Di Baghdad ia bertemu dengan
Al-Ma’mum,Al-Mu’tasim dan putra Al-Mu’tasim Ahmad. Ia diangkat sebagai guru
pribadi Ahmad ibn Al-Mu’tasim. Al-Ma’mun menjadikan Mu’tazilah sebagai madzhab
negara dan Al-Kindi juga menulis beberapa risalah tentang keadilan,kemahaesaan Tuhan
dan perbuatan-Nya, bahkan jauh lebih dari itu, ia ikut pula membantah
paham-paham yang bertentangan dengan madzhab negara ini dengan pemikirannya.
Bila
menilik pada masa Al-Kindi berinteraksi dengan pemerintahan Al-Ma’mun,
Al-Mu’tasim, tidak heran menurut Harun Nasution, kalau Al-Kindi menganut aliran
Mu’tazilah dan mengedepankan rasio dan filsafat dalam pemahaman keislamannya.
Disamping itu zaman Al-Kindi adalah zaman penerjemahan buku-buku Yunani yang
memberikan pengaruh besar terhadap pola pikiran Al-Kindi dimana ia turut aktif
dalam kegiatan terjemahan.
Tentang
kapan Al-Kindi meninggal tidak ada suatu keterangan yang pasti. Menentukan
tahun wafatnya sama sulitnya dengan menentukan tahun kelahiranya dan siapa saja
guru yang mendidiknya. Mustafa ‘Abd Al-Raziq cenderung mengatakan tahun
wafatnya adalah 252 H, sedangkan Massignon menunjuk tahun 260 H, suatu pendapat
yang juga diyakini oleh Hendry Corbin dan Nellino.[4]

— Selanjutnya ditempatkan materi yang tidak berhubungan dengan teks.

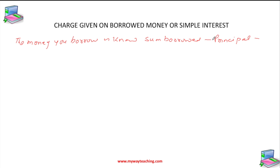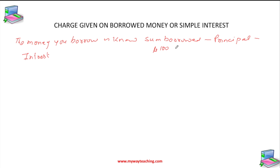If we borrow money from the bank or another person, you have to pay back the borrowed sum plus interest. The money is used by the borrower for some time before it is returned. For keeping this money, the borrower pays some extra money to the bank — that is called interest. For example, if you borrow ₹100 and return ₹110, that extra ₹10 is called interest.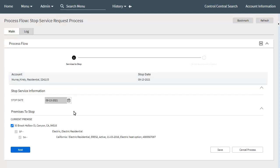After the call center agent populates a stop date, the panel displays the various services for the account that are eligible to be stopped. Some services may be checked or selected by default to be stopped while others may not be. The services at the premise and context are selected to be stopped by default. Non-premise based services with a characteristic premise matching the premise and context may also be selected to be stopped by default. Other premises and non-premise based services for the account are not selected to be stopped by default. The call center agent can then select or deselect services to be stopped to override any default selections.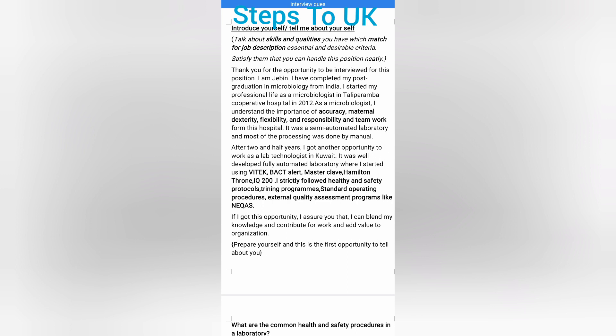I am Jibin. I completed my post-graduation in microbiology from India and started my professional life as a microbiologist at Talipram Cooperative Hospital in 2012. I understand the importance of accuracy, manual dexterity, flexibility, responsibility, and teamwork. It was a semi-automated laboratory. After two and a half years, I got an opportunity to work as a lab technologist in Kuwait in a fully automated laboratory, where I used VITEC, BacT/ALERT, Masterclave, Hamilton, and iQ200. I strictly followed health and safety protocols, attended training programs, SOPs, and external quality assessment programs like NEQAS. If given this opportunity, I can blend my knowledge and add value to the organization.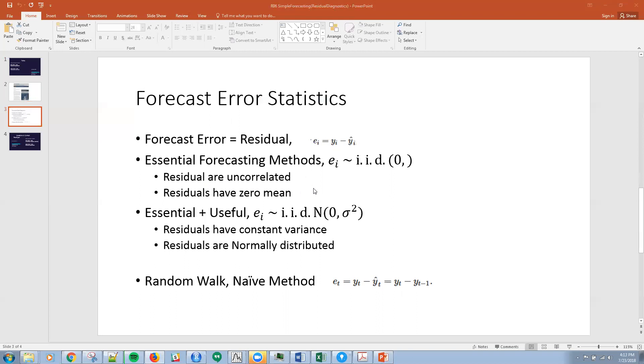At minimum we want these errors to be IID with mean zero. That means that the residuals are uncorrelated and that they have zero mean.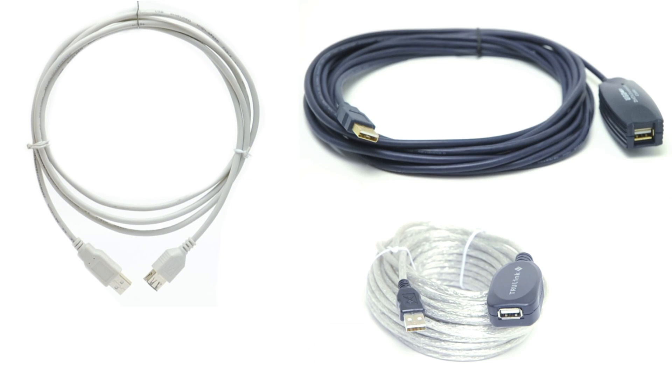Extend your signal from 6 inches to 328 feet. Whatever your conditions or needs, ShowMeCables is here to help.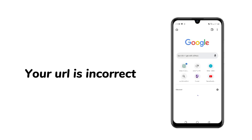Fifth, your URL is incorrect. Maybe the URL you are entering in the search bar is incorrect, so always check the URL that you input or paste in the search bar of your browser.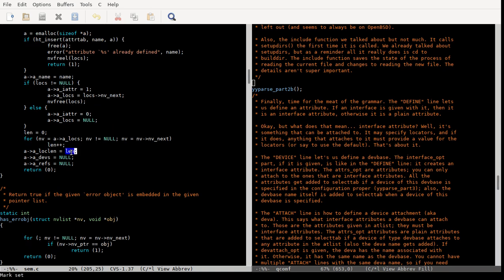Then we count how long the locator list length is. This is supposed to be all of the dev bases — all the kinds of devices that can attach to this attribute. Every device has to attach to an attribute. You can say you want to attach to a device, but what that really means is attach to the first attribute of that device that you're allowed to attach to. And then these are all the parents. Assuming everything went well, you return zero.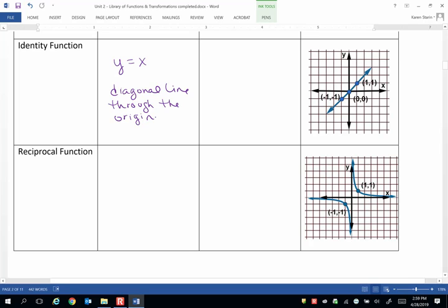So what's its domain? Well, you can let x be anything. So that's all real numbers, and in interval notation, that's negative infinity to infinity.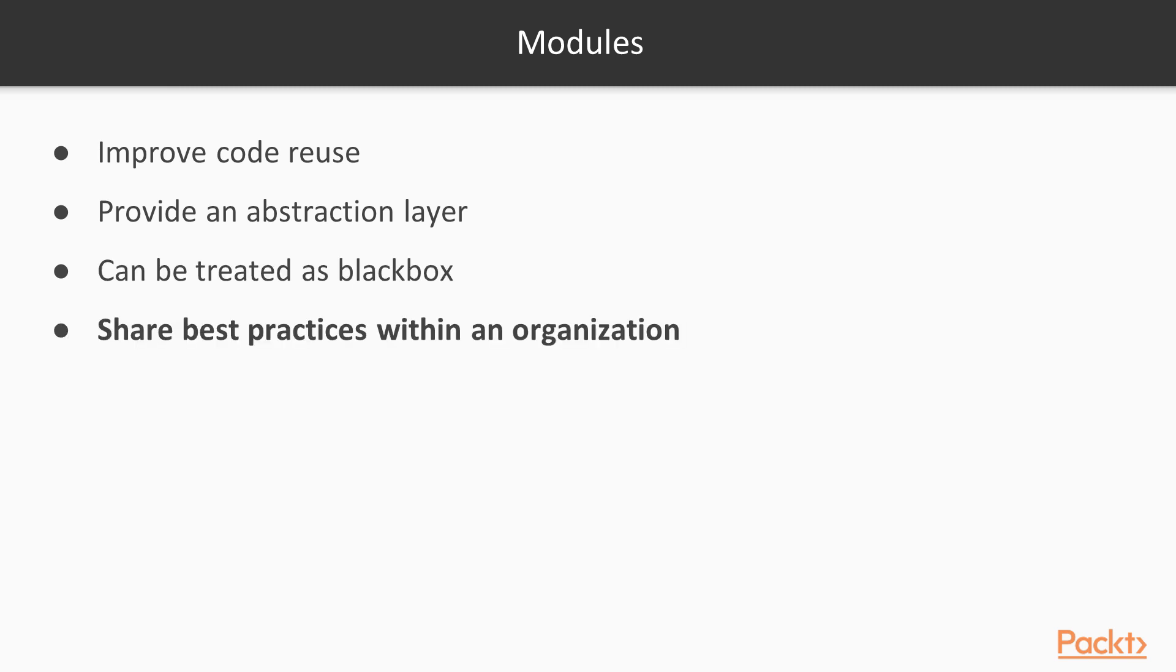This also means that we can write a module, make sure that it follows all best practices, and then give it to other teams to use. This makes infrastructure development easy by default and provides what networks call the paved road.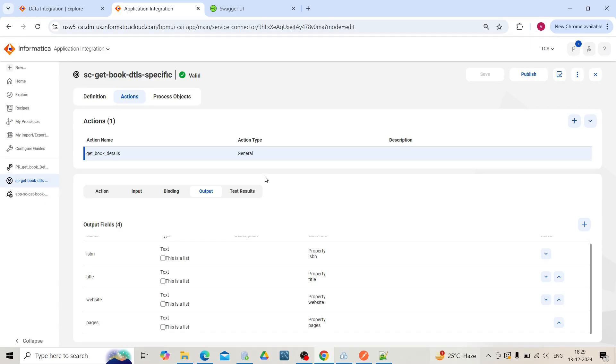Hello everyone, welcome to my channel ETL Hub. In the previous video, we learned about creating a service connector to fetch bookstore API book details, and we also created an app connector on top of that.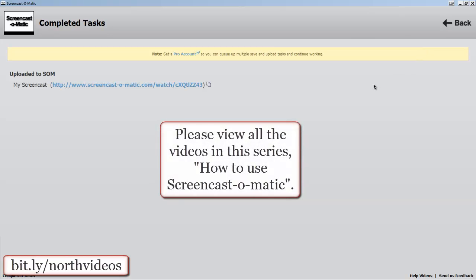That's all for this. Please watch all the videos in this series on how to use Screencast-O-Matic.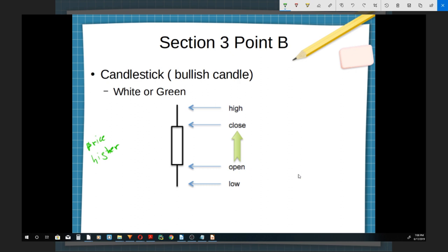It opens the price here and it closes it here. For now I just want you to consider the open and the close — the result of that particular 24 hours. We're going to use time frame T, one day. So this candle presents one day. We open and close higher — that's a bullish candle.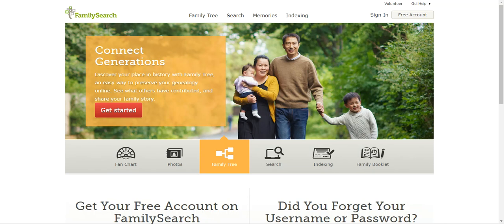FamilySearch is comprised of three main sections: Family Tree, a search section where you are able to search for your ancestors in government documents and other sources, and a memory section where you can record and preserve memories, photos, and audio, among other things.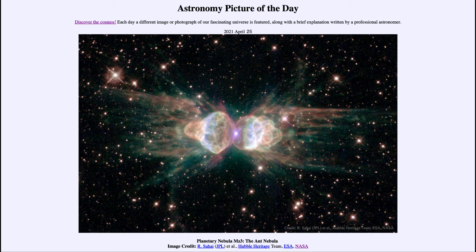Because stars evolve and change in such a slow manner, we never can actually watch them change from one phase to another. So we don't know exactly what the original star was like that formed this nebula. That's why we still study and try to model these to better learn about this process, which is something that will happen in about five billion years to our own sun.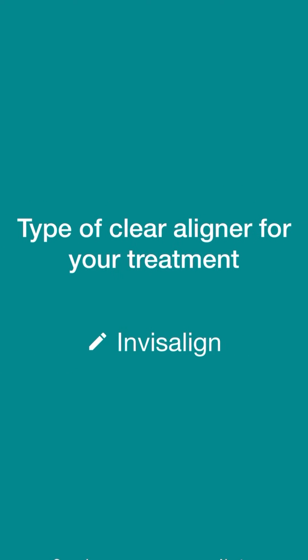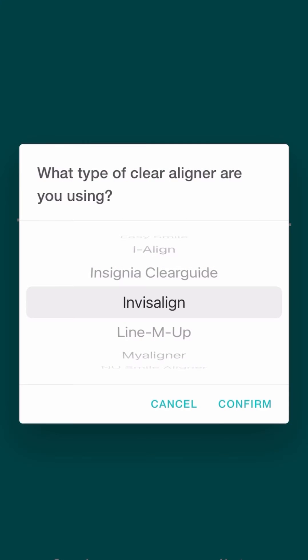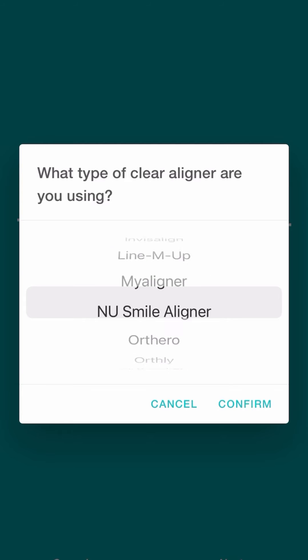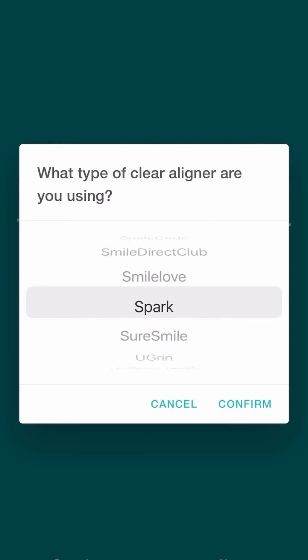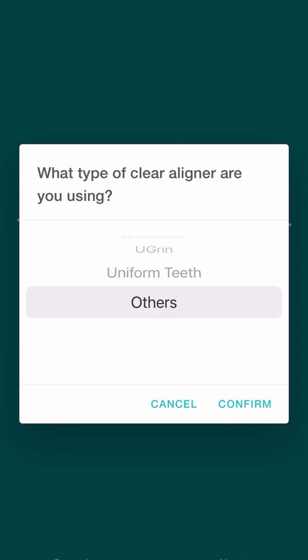This is where you select your clear aligner brand. To find the clear aligner, just scroll through. If you can't find your aligner brand, just select Other.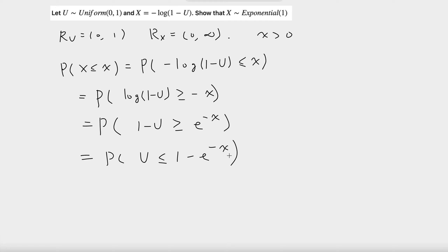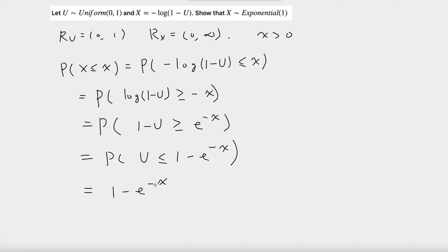And because x is greater than 0, this whole expression is between 0 and 1. So because u follows a uniform distribution, according to the distribution function of u, this is just equal to 1 minus e to the negative x. This is the distribution function of an exponential with parameter 1. Thank you for watching.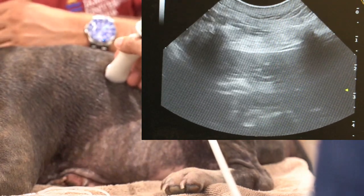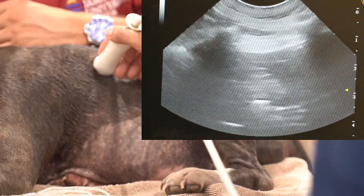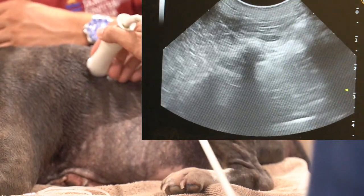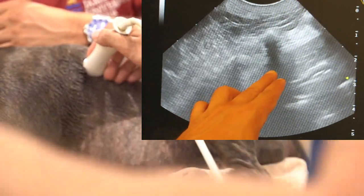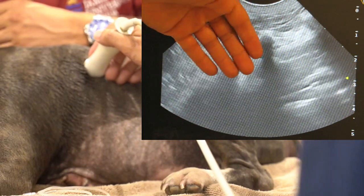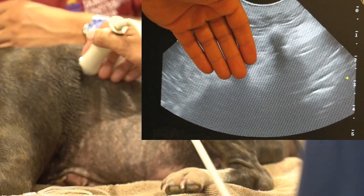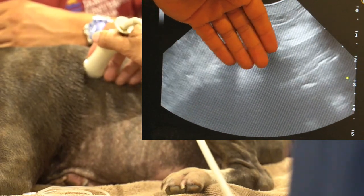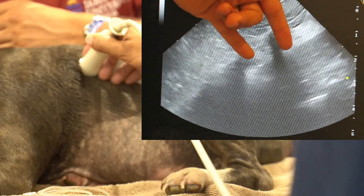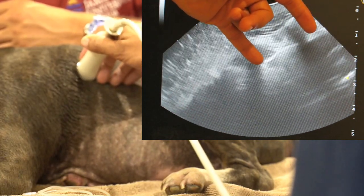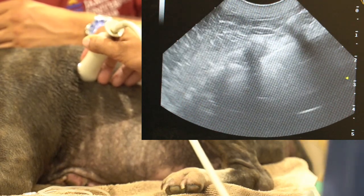We start with the probe off the back of the ribs and then slide cranially. What we look for is curtain sign — where the actual lung is coming into view and blocks out what's below it. This is actually the gas intestinal tract, probably stomach and a bit of liver, and the curtain of the lung is sliding across. That's curtain sign.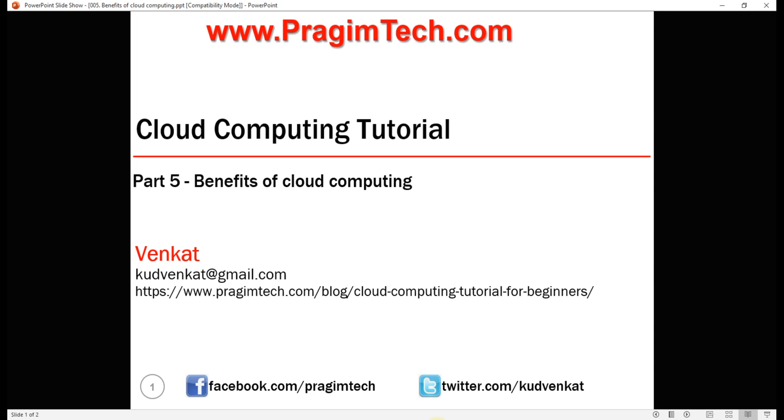This is part 5 of cloud computing tutorial. These days cloud is everywhere. So in this video we'll understand why cloud, what are the benefits it offers.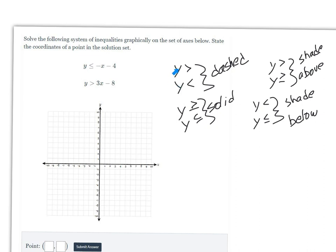When you have a y greater than or y less than symbol, the line you draw is dashed. When you have y greater than or equal to, or less than or equal to, the line you draw is solid, like an equation.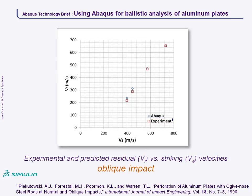In the equivalent plot for the oblique impact case, the numerical and experimental results for lower striking velocities are farther apart than for the normal impact case. But in general, there is still good agreement between the simulation and experimental results.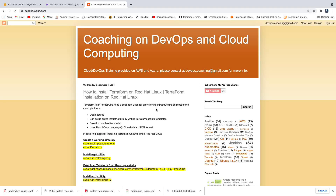Hello everyone. In this video we are going to learn how to set up Terraform on a Red Hat Linux EC2 instance. Terraform is one of the popular infrastructure automation tools — using Terraform you would be able to provision infrastructure on pretty much any cloud platform.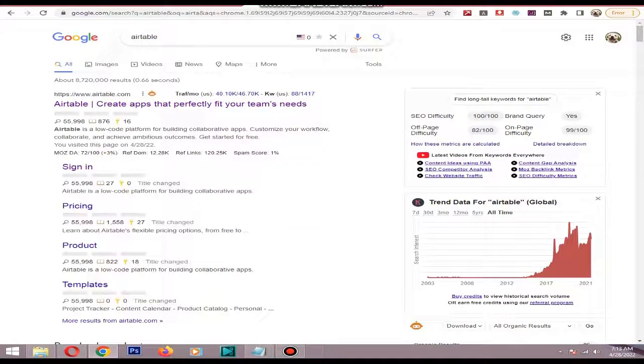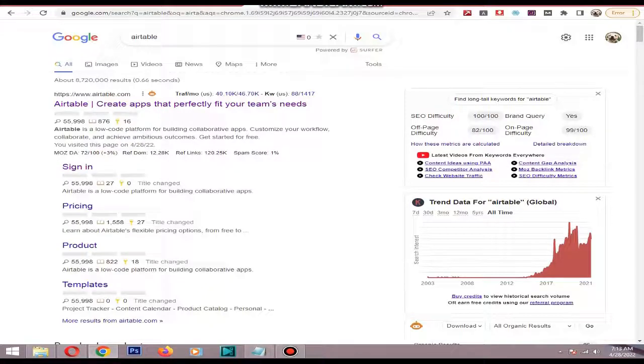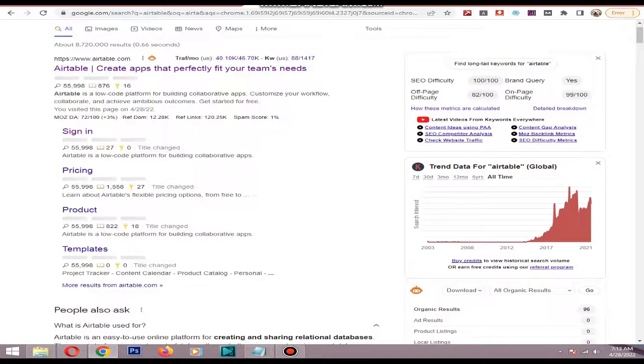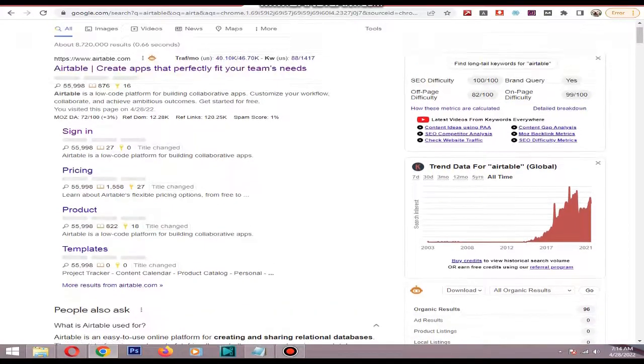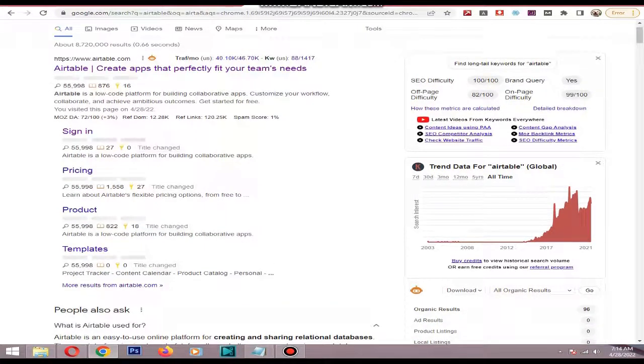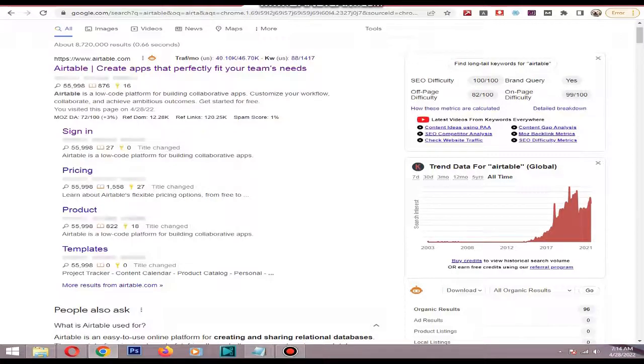Hi, in this video I will show you how to freeze a column in Airtable. Airtable is an online platform for building collaborative apps and workflows. It's best for teams and office work.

Al-Kindi sudah dinobatkan sebagai
filosof Muslim kebangsaan Arab yang pertama, ia layak disejajarkan dengan filosof-filosof Muslim non-Arab.
Sumbangan Al-Kindi yang sangat berharga dalam dunia Filsafat Islam ialah
usahanya untuk membuka jalan dan menjawab rasa enggan dari umat Islam lainnya
untuk menerima ilmu filsafat ini yang terasa asing dimasa itu.
2.2
Pemikiran/Ajaran Filsafat Al-Kindi
Sumber filosof Al-Kindi diperoleh
dari sumber-sumber Yunani Klasik, terutama Neoplatonik. Ia diduga meringkas
definisi-definisi dari literatur Yunani dengan niat hendak memberikan ringkasan
filsafat Yunani dalam bentuk definisi. Kebanyakan definisi itu adalah definisi
yang dipinjam dari Aristoteles. Ketekunan Al-Kindi mengumpulkan definisi dari
karya-karya Aristoteles dan kesukaannya kepada Aristoteles tidak dapat
diabaikan. [5]
Dalam Risalah Al-Kindi dikemukakan
dalam susunan yang membedakan antara alam atas dan alam bawah. Yang pertama
ditandai dengan definisi-definisi akal,alam, dan jiwa, diikuti dengan
definisi-definisi yang menandai alam bawah, dimulai dengan definisi
badan,penciptaan,materi,bentuk, dan sebagainya. Kerangka besar filsafatnya
bermuara kepada Tuhan sebagai sumber filsafatnya.
a. Falsafah
Ketuhanan
Sebagaimana
halnya dengan filsuf-filsuf Yunani dan filsuf-filsuf Islam lainnya, Al-Kindi
selain filsuf juga ahli ilmu pengetahuan. Menurutnya pengetahuan terbagi dalam
dua bagian :
1. Pegetahuan
Ilahi (Divine Science), sebagaimana yang tercantum dalam Al-Qur’an yaitu
pengetahuan yang langsung diperoleh Nabi dari Tuhan. Dasar pengetahuan ini
ialah keyakinan.
2. Pengetahuan
Manusiawi (Human Science) atau falsafat. Dasarnya ialah pemikiran
(ratio-reason).
Argumen-argumen
yang dibawa Al-Qur’an lebih meyakinkan daripada argumen-argumen yang
ditimbulkan falsafat. Tetapi filsafat dan Al-Qur’an tidak bertentangan artinya
kebenaran yang diberitakan wahyu tidak bertentangan dengan kebenaran yang
dibawa falsafat. Mempelajari falsafat dan berfalsafat tidak dilarang, karena
teologi adalah bagian dari falsafat da umat Islam diwajibkan belajar teologi.[6]
Menurut
Al-Kindi, filsafat ialah pengetahuan tentang yang benar (knowledge of truth).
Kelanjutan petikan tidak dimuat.